When more than one state taxes the same income, you may be eligible to claim a Credit for Taxes Paid to Another State. This credit is typically claimed on your Resident state return for taxes paid to a Nonresident state.
Most resident states tax your Federal Adjusted Gross Income (AGI), including income earned in other states. Because of this, the income you earn and are taxed by another state may also be taxed by your resident state—creating double taxation. The credit exists to prevent that.
Credit Availability
You can usually claim this credit only on your Resident state return.
You may claim the credit only when:
- The income taxed by your resident state includes income also taxed by another state.
- The other state assessed an actual tax liability on that income (not just withholding).
Each state has its own rules, including reciprocal agreements that may eliminate the need to file in the nonresident state and, therefore, the need to file the credit.
Please review the specific KB article for your state before proceeding.
How the Program Calculates the Credit
If you are preparing both a Resident and Nonresident return in the program:
Automatic Calculation
- If you file a Resident return and the other state returns are Nonresident, the program will automatically calculate the credit.
Manual Entry Required
You must manually enter information if:
- You want to claim the credit for Part-Year state returns.
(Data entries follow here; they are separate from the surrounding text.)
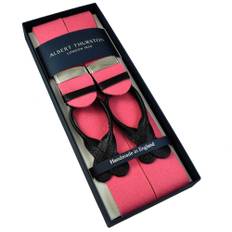 Albert Thurston Trouser Braces - Plain Pink Pure Wool Boxcloth With Black Leather Ends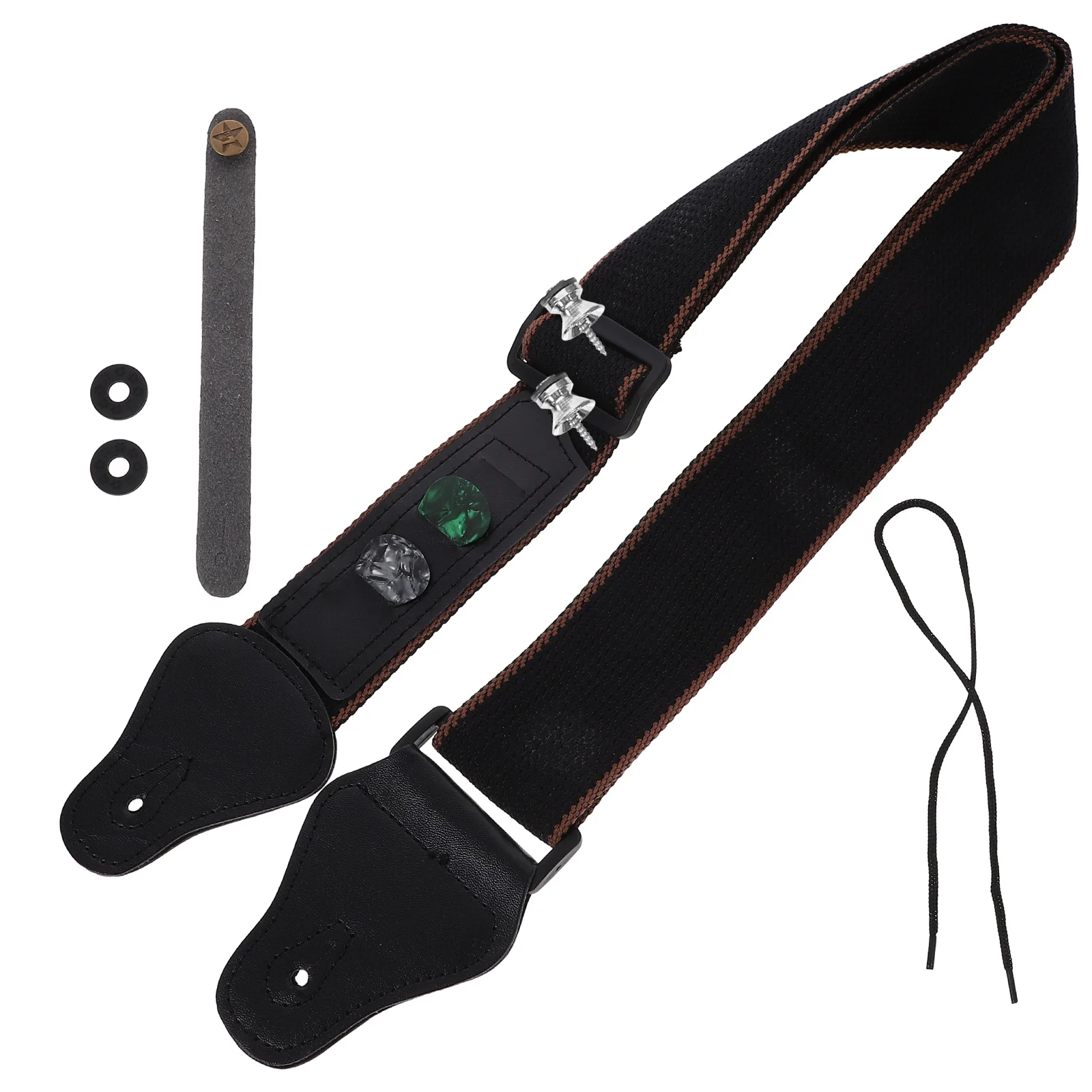 

1Set Adjustable Durable Guitar Strap Shoulder Belt for Acoustic Electric Bass Ukulele Reduces Arm Hand Pressure Gift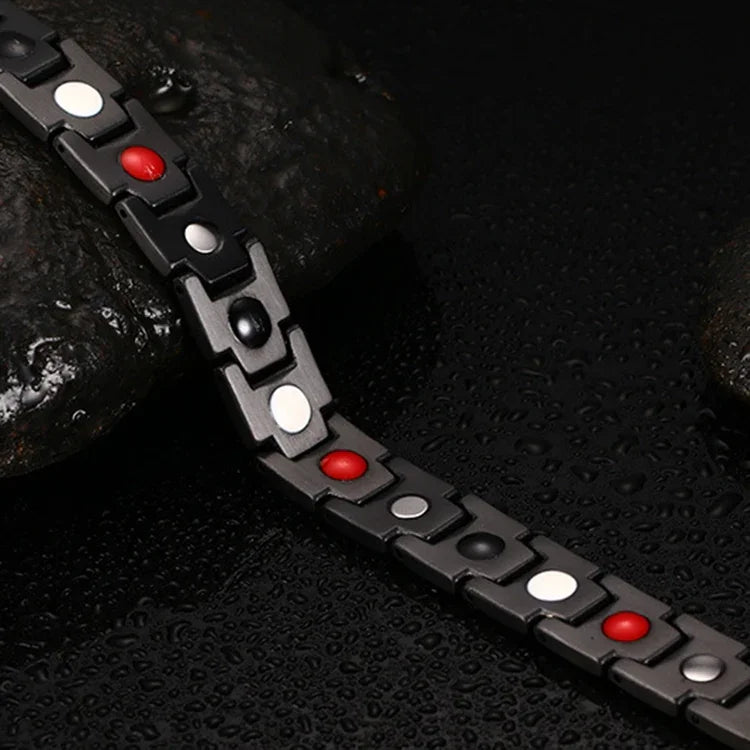 Bracelet magnétique de santé pour hommes, style européen et américain, en acier inoxydable et placage or, Taille : 12mm*22cm (Noir+Or)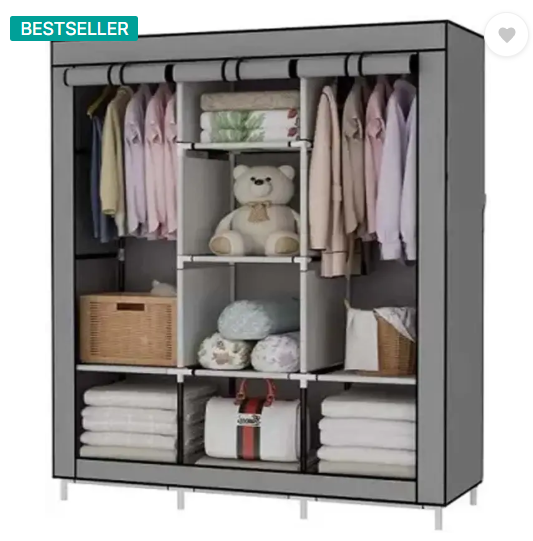Attache Carbon Steel Collapsible Wardrobe (Finish Color - GREY, DIY(Do-It-Yourself))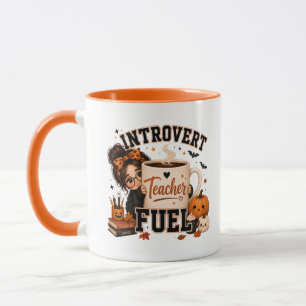Introvert Teacher Fuel Orange Halloween Mug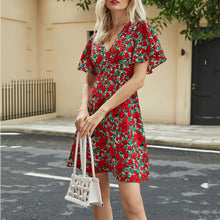 Load image into Gallery viewer, Floral Printed V-Neck Short Sleeve Mini Dress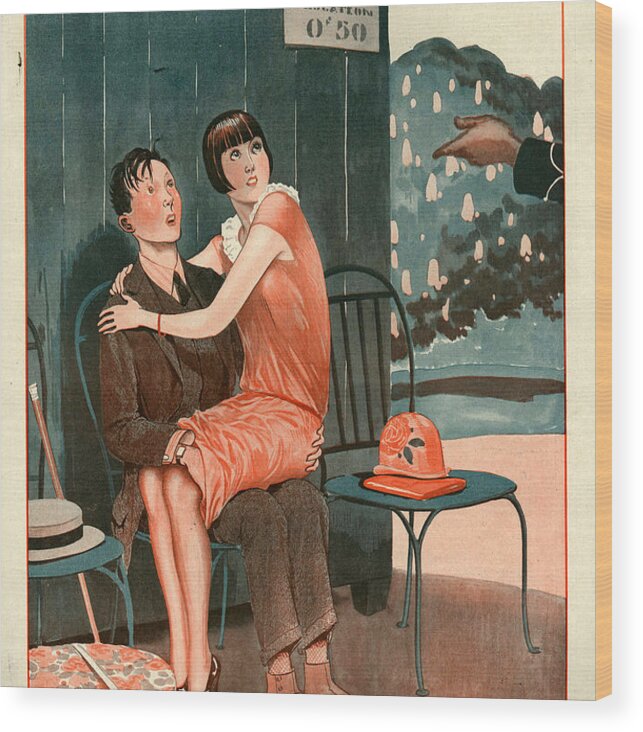 France Wood Print featuring the photograph 1920s France La Vie Parisienne Magazine #6 by The Advertising Archives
- You want to claim the credit on Nonresident or Part-Year returns (rare and usually not allowed).
- You need to adjust the credit based on the actual tax calculated on the other state's return.
The program does not automatically calculate this credit for Nonresident or Part-Year returns because it is rarely applicable to those return types.
How to Manually Calculate the Credit (If Required)
To calculate the correct credit amount, you must know the actual tax liability from the other state's return.
Important:
Do NOT use the amount of tax withheld in the other state (e.g., from your W‑2).
Use the actual tax calculated on the other state's tax return.
Steps:
- Prepare the return for the other state.
- View the PDF of the completed return to locate the actual tax liability.
- Use that amount when entering the credit information manually.
How to View the PDF:
- Go to Summary/Print.
- Select Print/View – choose print state.
- Choose Print your 20XX return to open the state return PDF.
Example: Correctly Determining the Tax Paid
- You had $1,000 withheld for the other state.
- After filing that state's return:
- If you receive a $250 refund, your actual tax paid is $750.
- If you owe an additional $150 instead, your actual tax paid is $1,150.
Using the withholding amount alone may result in a credit that is too large or too small, which can cause errors on your resident return.
Why Withholding Should Not Be Entered
The credit is based on actual tax paid, not prepayments. Withholding may not match the final tax liability after completing the other state's return.
Reciprocal Agreements (Important Exception)
Some states have reciprocal agreements that allow residents of one state to work in another without being taxed by the work state on wages. Because the nonresident state does not tax the income under a reciprocity agreement, no credit for taxes paid to another state should be taken.
If your resident state has a reciprocal agreement with the state where you worked:
- The nonresident (work) state should not assess tax on your wage income.
- If tax was withheld in error, you must file a Nonresident return for that state to request a refund of the withholding.
- The Resident state return should not claim a credit for taxes paid to the other state.
- If the program automatically calculates a credit anyway, you must manually remove the credit amount to avoid errors.
Because reciprocity prevents double taxation at the source, the credit is not applicable in reciprocal-agreement situations.